» **Exercise**
Exactly as they appear, print the line with "Genesis The Lamb" and each line after it through the end of the entries below; leave out pictures.
╭─ Data shown
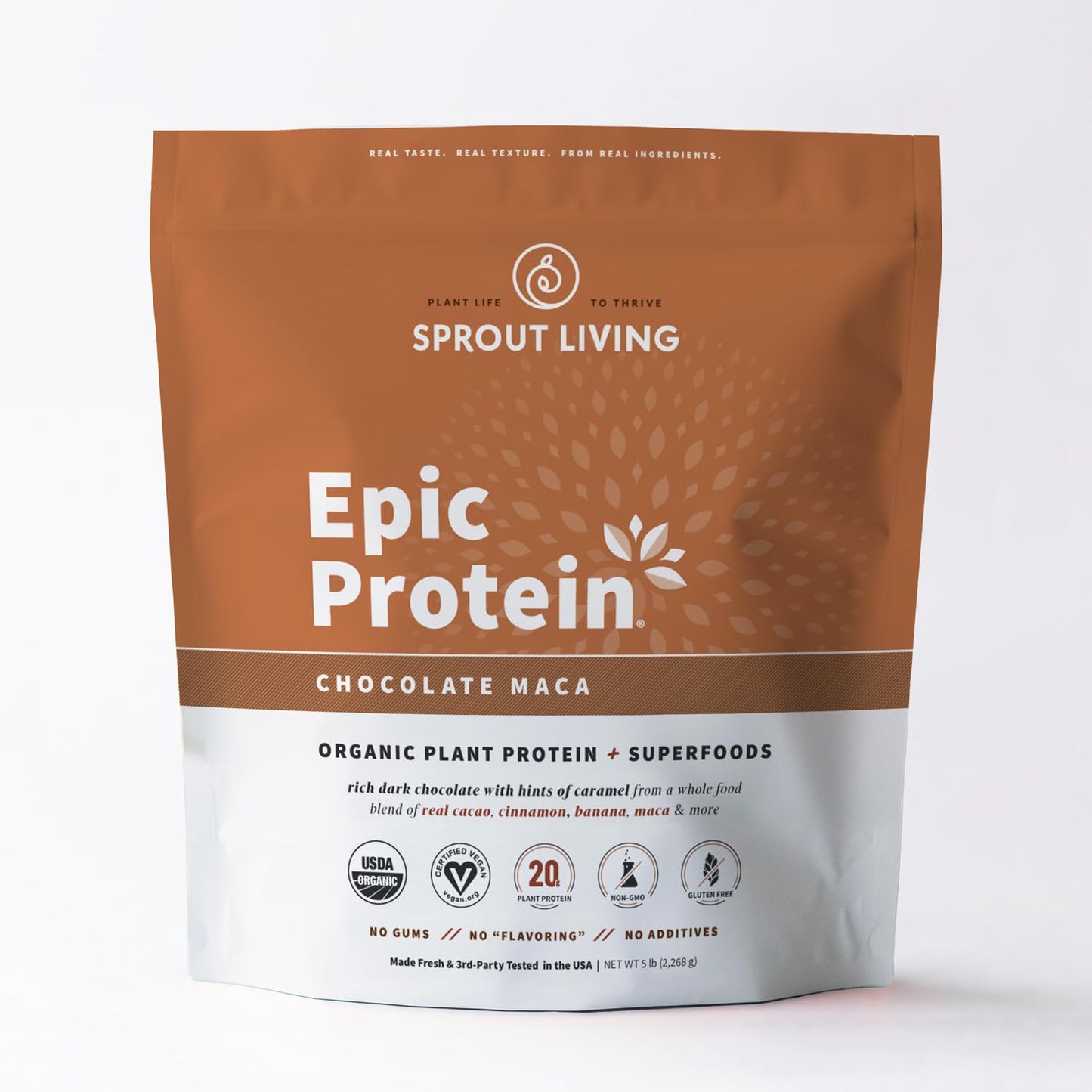 Sprout Living Epic Protein, Plant Based Protein & Superfoods Powder, Chocolate Maca Powder | 20 Grams Organic Protein Powder, Vegan, Non Dairy, Non-GMO, Gluten Free, Low Sugar (1 Pound, 12 Servings)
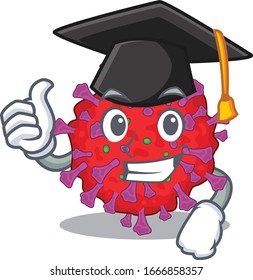 A picture of coronavirus particle with black hat for graduation ceremony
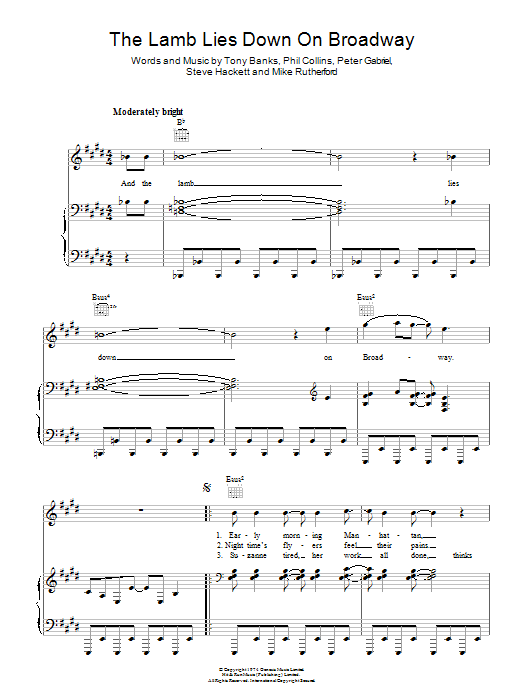Genesis The Lamb Lies Down On Broadway sheet music notes and chords arranged for Piano, Vocal & Guitar Chords (Right-Hand Melody)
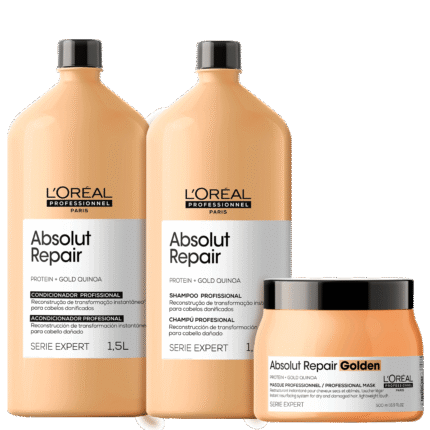 Kit L'Oréal Professionnel Serie Expert Absolut Repair Gold Quinoa + Protein Golden Salon Trio (3 Produtos)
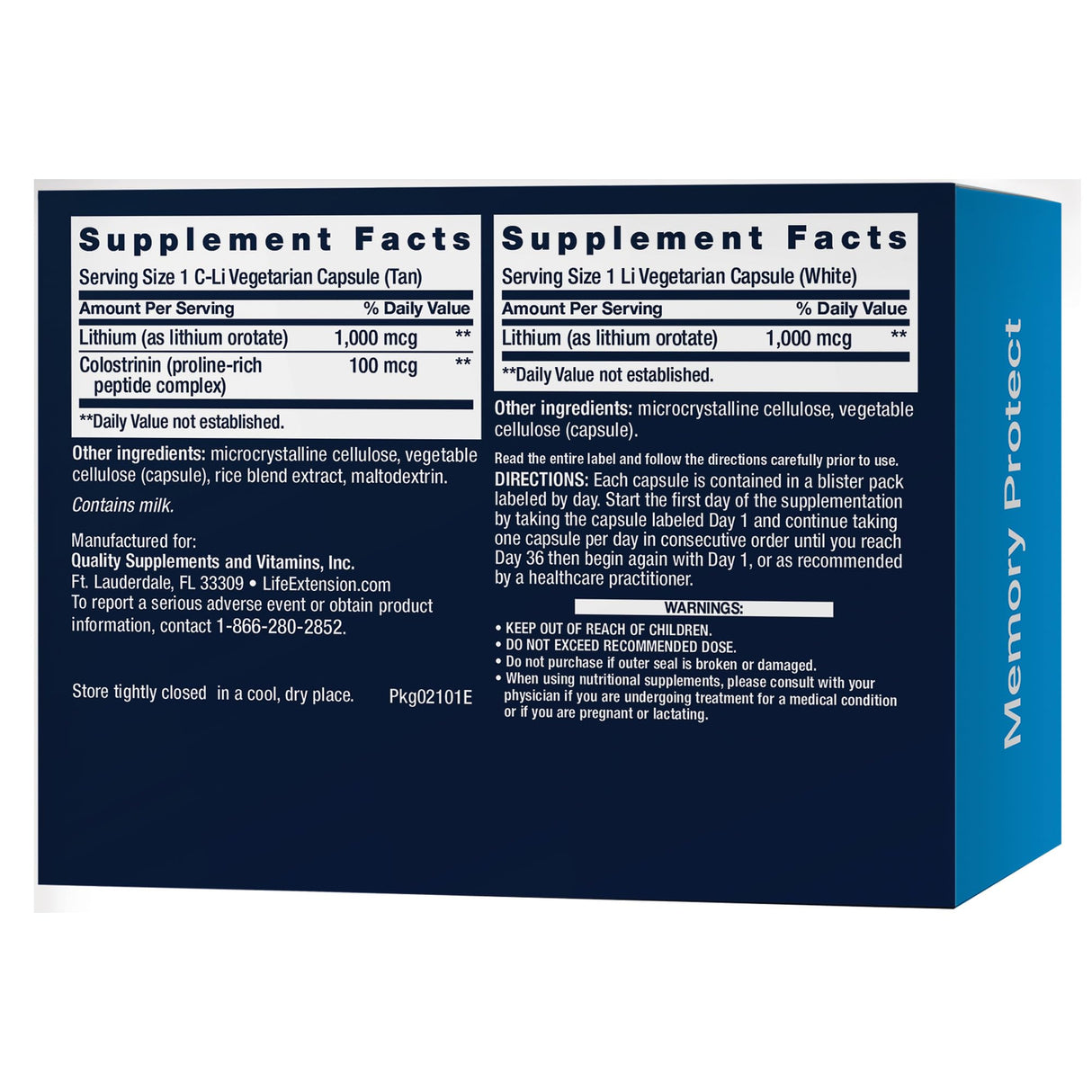 Life Extension Memory Protect, Lithium, colostrinin Milk peptides, Memory and Cognitive Health Support, Gluten-Free, Non-GMO, 12 colostrinin-Lithium (C-Li) Capsules, 24 Lithium (Li) Capsules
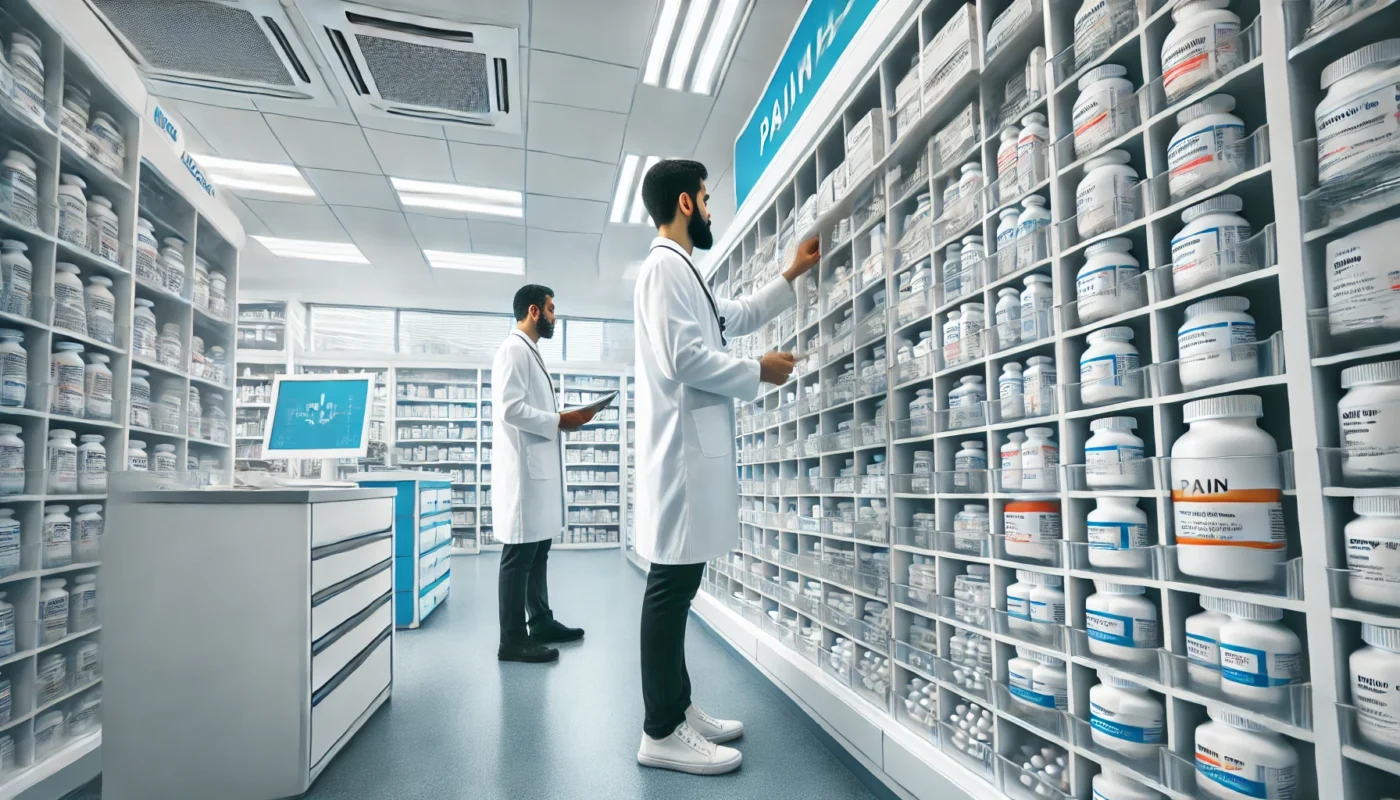  A high-tech hospital pharmacy where a pharmacist is organizing various pain management medications. The setting features a bright, sterile environment with well-labeled medication shelves and a professional pharmacist carefully selecting and preparing pain relief medicine for hospital patients.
╰─
» **Your response**
Genesis The Lamb Lies Down On Broadway sheet music notes and chords arranged for Piano, Vocal & Guitar Chords (Right-Hand Melody)
 Kit L'Oréal Professionnel Serie Expert Absolut Repair Gold Quinoa + Protein Golden Salon Trio (3 Produtos)
 Life Extension Memory Protect, Lithium, colostrinin Milk peptides, Memory and Cognitive Health Support, Gluten-Free, Non-GMO, 12 colostrinin-Lithium (C-Li) Capsules, 24 Lithium (Li) Capsules
  A high-tech hospital pharmacy where a pharmacist is organizing various pain management medications. The setting features a bright, sterile environment with well-labeled medication shelves and a professional pharmacist carefully selecting and preparing pain relief medicine for hospital patients.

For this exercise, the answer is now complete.